I grunt. I swirl a blob of sun light on my pallet and I draw a pineapple on the edge of my canvas.
“Okay Lucas.” She says, “Okay. I understand. It's clear to me now. We've kept this relationship a secret, but now –“
The air rustles as she stands up.
“Now we're over.”
She leaves the room and she takes the golden goldfish with her. It takes a while for the room to be quiet again. The dust particles nestle back down on the floorboards, beams of light slowly stop shaking. It's quiet and still again and I continue painting my pineapple. Big and happy and yellow. That's how I want it. Something that gives people something to talk about, something to dream about, breath.
“Lu.” The door opens, Sam is in the room, absorbing the yellow paint. “We've got to talk.”
I look at him. I nod. But I notice something odd about him. On his head he is not wearing a hat but a pineapple. Big and yellow and happy. I smile. Sam's wrinkled sagging face gives me a quizzical look and I curse that I do not have a camera to capture one of life's most beautiful moments.
“It's the money, Lu.” He says, he sits down on the stool in front of me and the pineapple on his head wobbles slightly. I continue to smile, “I love your paintings, you know I do. But I've got a job...and a family. I don't know how long I can support you, Lu.”
I look at him as the sunlight reveals the ugly silliness of his face and his chubby, round body.
“I want to support you but the truth is I don't have enough money...”I watch the pineapple jiggle as he speaks and it makes me laugh slightly. Sam frowns. “Why you staring at my head for Lu? I'm serious! I feel terrible. I know how you love your art but...”
I see him, his pineapple and his wrinkled face and suddenly I see the goldfish swimming in the yellow paint behind him.

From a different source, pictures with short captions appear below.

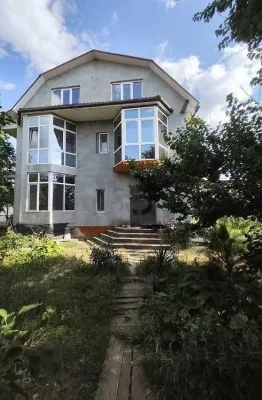 Продам 3-поверховий будинок 280 м² з ремонтом на 13 сотках|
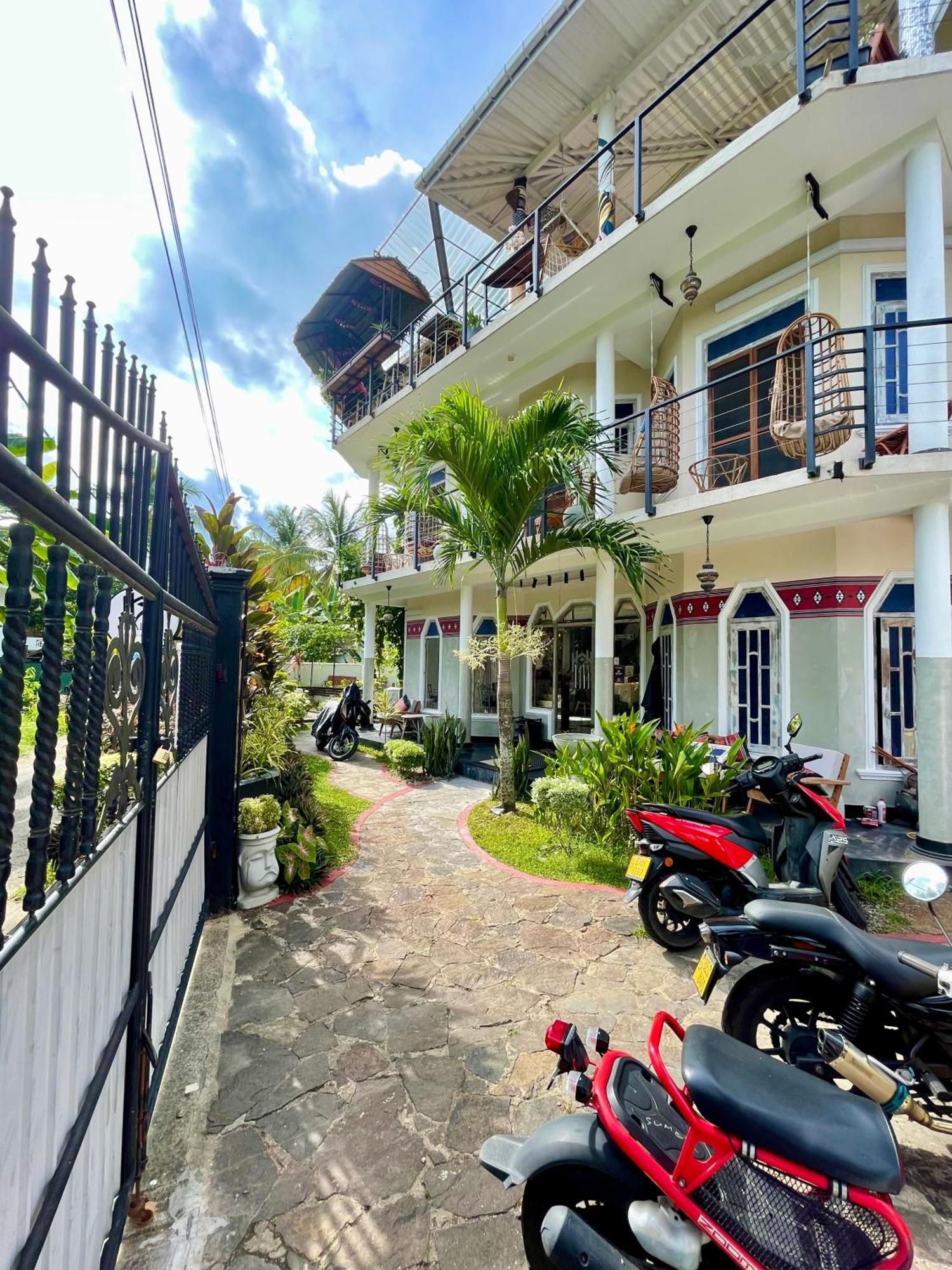 Habibi Hostel & Restaurant Unawatuna Dış mekan fotoğraf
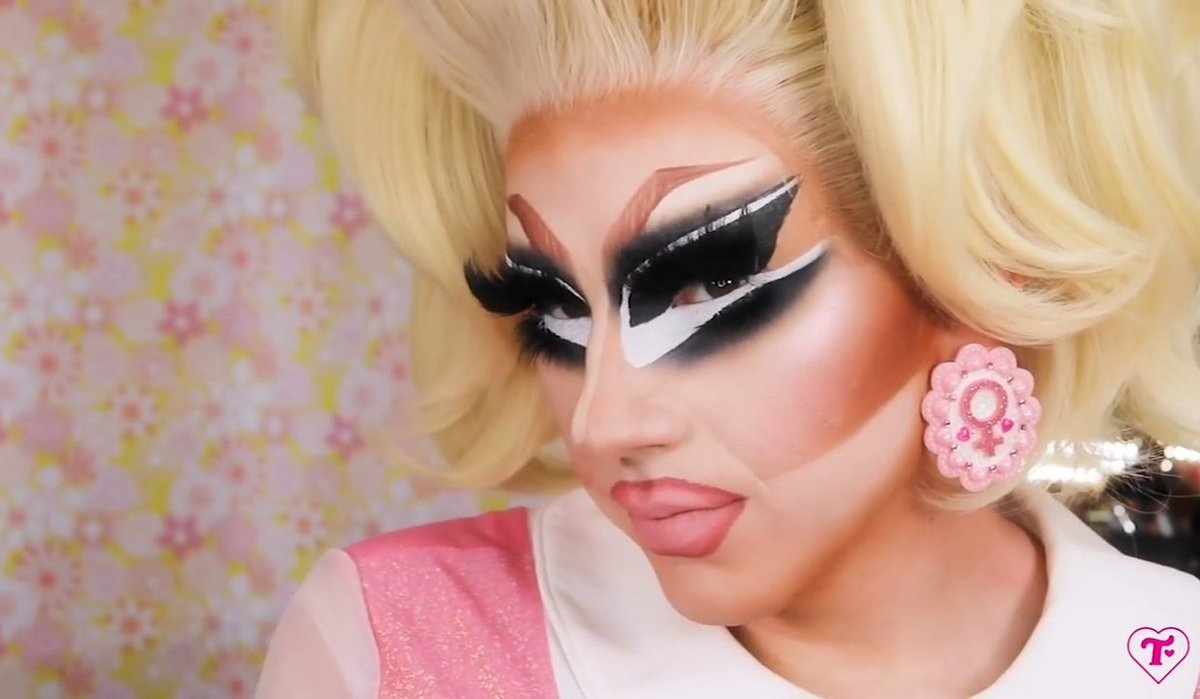 Trixie Mattel™ on Twitter: Eye Makeup (From The Grown Up Tour) https://t.co/f3NF2xEPsh via @YouTube" / Twitter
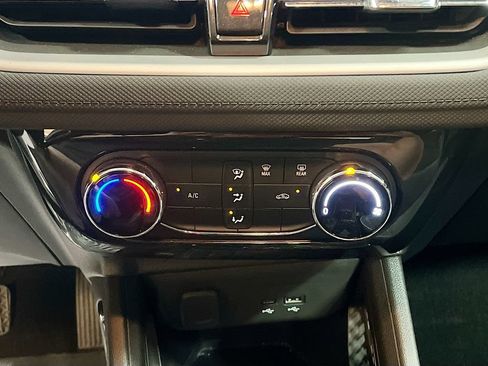 Used 2024 Chevrolet TrailBlazer LT w/ Driver Confidence Package AWD/4WD image 15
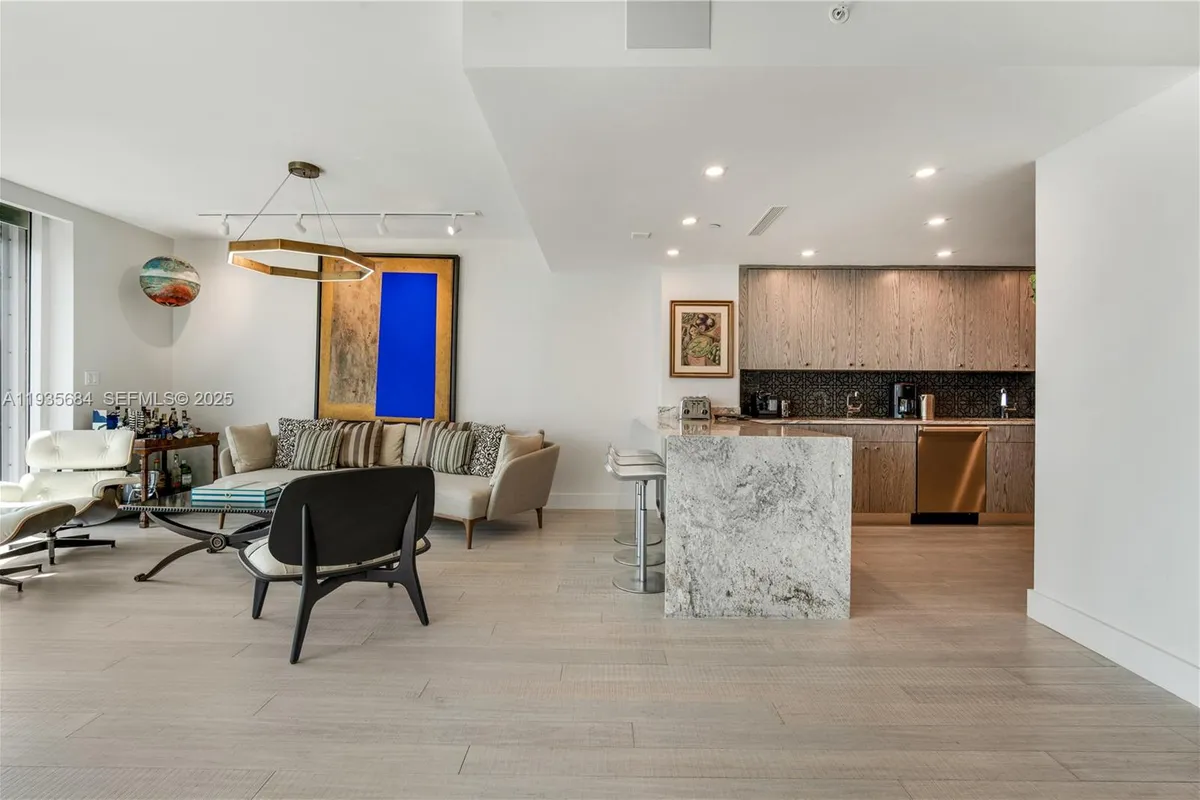 430 Grand Bay Dr # 1204, Key Biscayne FL 33149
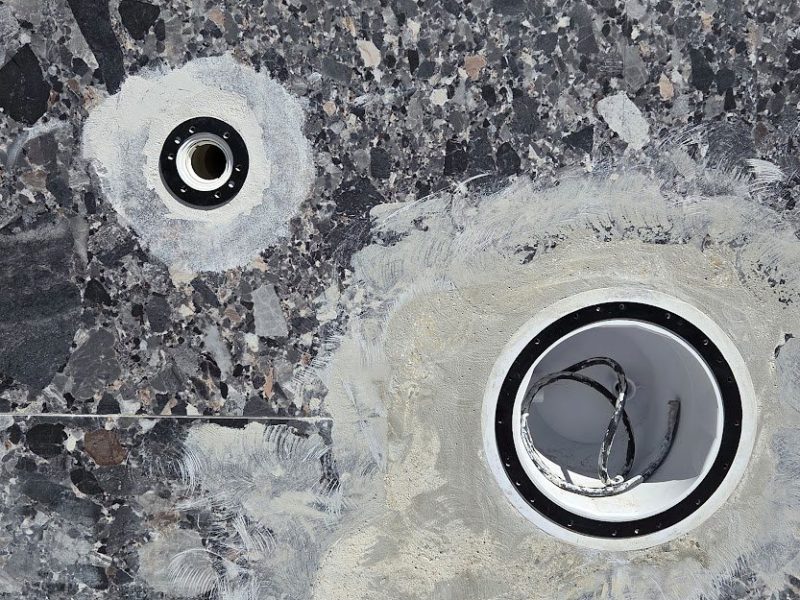 Un bassin contemporain aux reflets ardoise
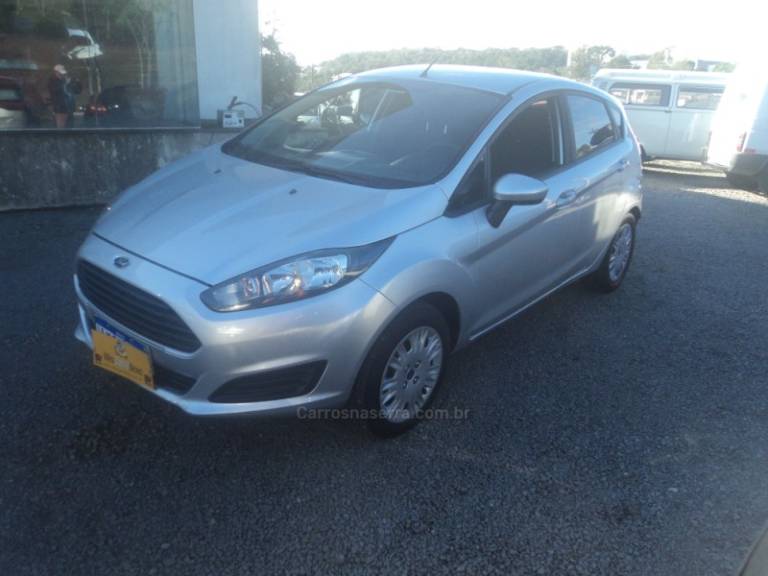 FORD - FIESTA - 2016/2016 - Prata - R$ 45.000,00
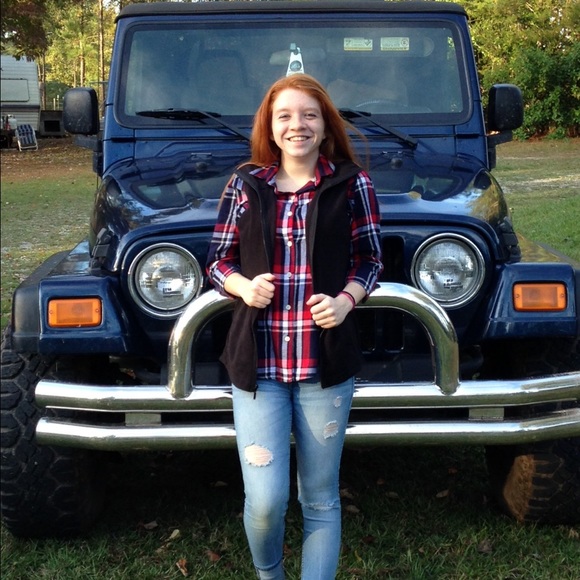 Meet your Posher, Halie - Picture 1 of 1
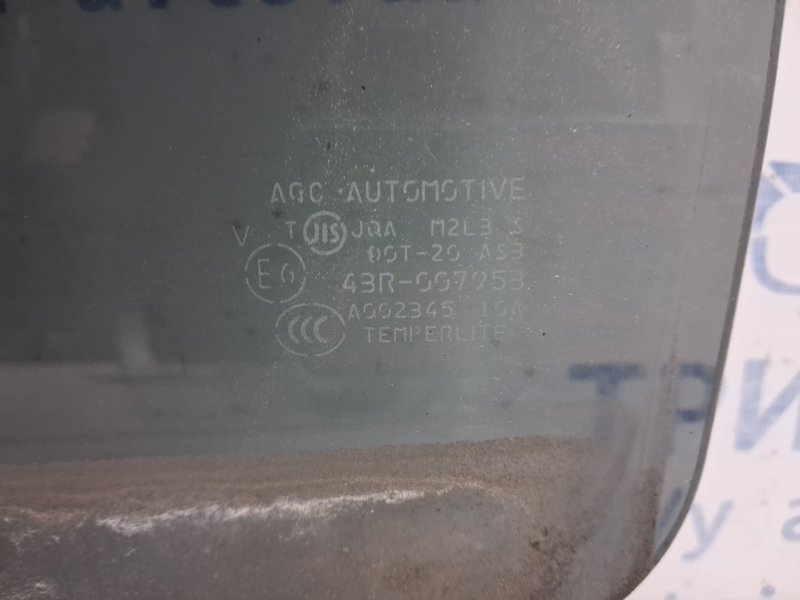 Стекло двери заднее левое Mitsubishi ASX GA 1.8 Diesel 4N13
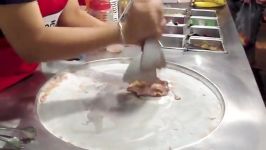 طرز تهیه بستنی فوری در اغذیه فروشی های خیابانی تایلند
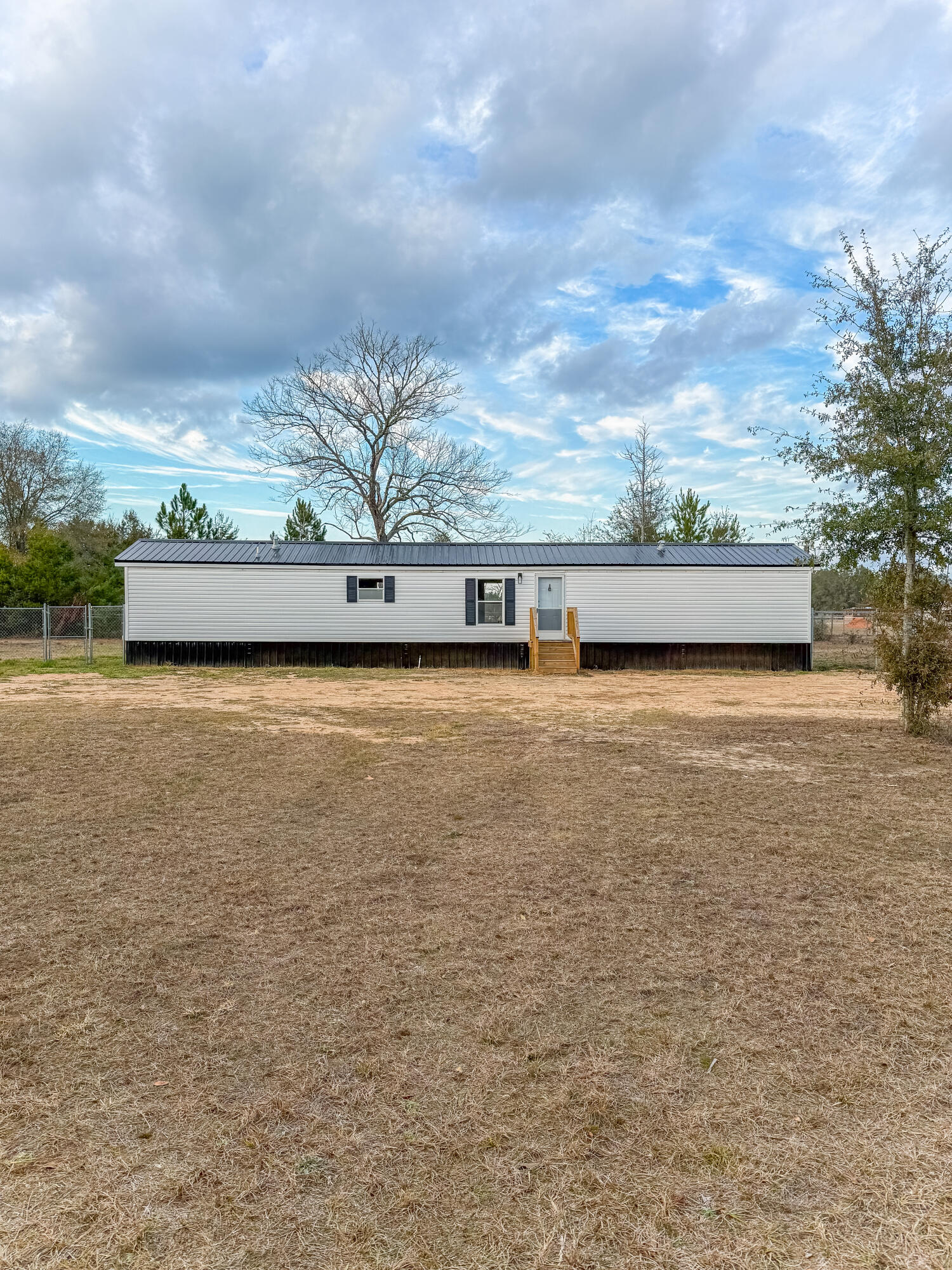 NO RECORDED SUBDIVISION - Residential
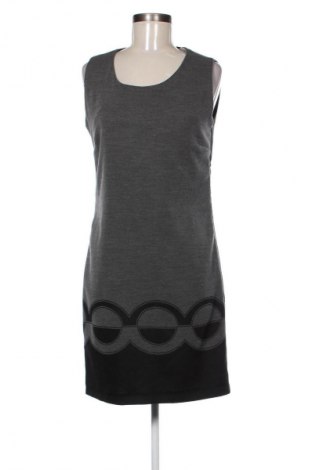 Kleid Fervente, Größe M, Farbe Grau, Preis 7,98 €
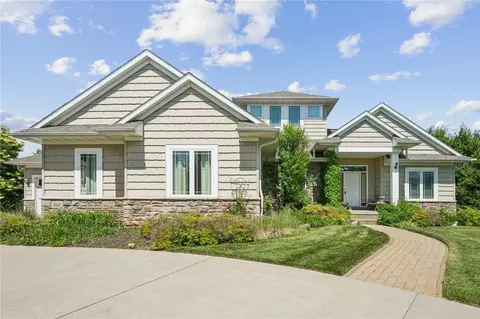 1669 Timberlake Run, Cedar Rapids, IA 52403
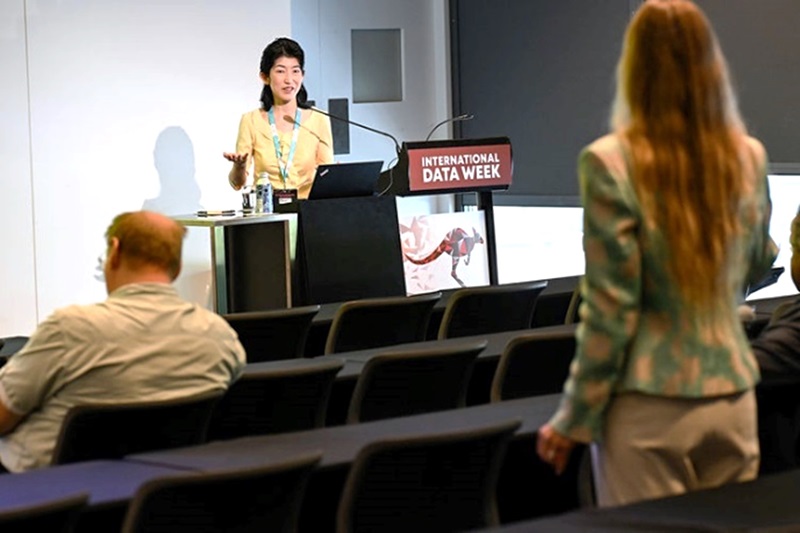 筆者がIDW2025におけてセッション、発表している様子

“You can't make a living from it anymore, Lu....I'm sorry...”
Suddenly the pink women appears beside him. She's swimming in the sunlight, too. They are all swimming. The pineapple bobs like it would if it were on a swaying branch.
“Lu! Aren't you paying attention!”
The pink women's face is soft and gentle, and I see her mouth curl into a beautiful smile. She strokes the pineapple and she laughs.
“Don't you care, Lu?! Lu!”
The yellow paint washes her face and even the goldfish seems to be smiling. A wet, sneaky smile.
“Oh! I don't know! A man tries to be generous and then...”
Sam gets up from his stool and so does the pink women and the pineapple and the goldfish. They are all laughing now. I am laughing too because I understand the inside joke.
“Lu! Why are you laughing!? I am serious!”
The pink lady dusts off her skirt and smiles again.
“Well...okay...if you think this a joke then I will too!”
The pink lady blows me a kiss from the depth of the yellow sunlight that caresses her pink skin.
“Goodbye!”
The door slams close. It is deadly silent. Sam is gone and so are the others, the goldfish, the pink lady, the pineapple, everything. I wait, patiently. Soon the dust has settled and the beams of light have stopped shaking. There is no noise. I look at my painting bathed in this new silence. I admire the yellows and reds. I decide to call it, “A Warm Collage of Life's Minor Interruptions.”